Can TransMedics Competitors Win?
Although it’s a breakthrough technology, TransMedics isn’t without competition. The OCS platform has rivals in the form of XVIVO Perfusion and OrganOx. Both companies are working on similar artificial transport environments to keep organs alive.
Each is involved in clinical trials in the U.S., as well as in Europe and Canada. Regulatory approval is the first step, and the companies are jockeying for position in a relatively small market.
Approximately 35,000 (and rising) organ transplants are performed in the U.S. each year. This puts a relatively small cap on the number of possible annual machine sales – at least at first glance. At $40,000 per unit, you’re looking at a $1.4 billion domestic market split three ways.
With a market capitalization over $800 million, TransMedics needs to take a big market share in the U.S. while expanding quickly into other countries. Considering it was founded in 1998, it’s already been a long road to get here, and there’s still plenty left to go.
Nevertheless, Transmedics claims a higher potential opportunity that spans into the billions, particularly when considering the possible expansion to other organs and international growth.
Source: Transmedics
Is TransMedics Stock A Buy? The Bottom Line
TransMedics is an innovative medical technology company that creates a portable artificial body to keep livers, lungs, and hearts alive in transport. The traditional method involved simply putting an organ on ice in an insulated cooler to avoid bacterial growth.

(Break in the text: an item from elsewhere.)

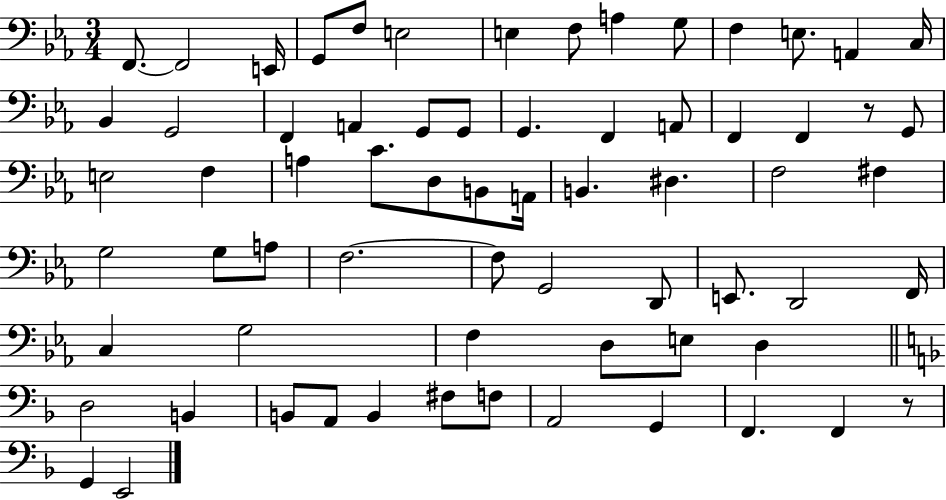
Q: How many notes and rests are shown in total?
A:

But hearts need to beat, and lungs need to breathe. These systems keep organs in a living state while outside the body hoping to improve clinical results.
While the company moves through FDA clinical trials, it’s competing with other similar solutions. Each has research and data to convince government regulators around the globe to commence testing. But until they reach the end of the road, there’s no telling which company (if any) will dominate the market.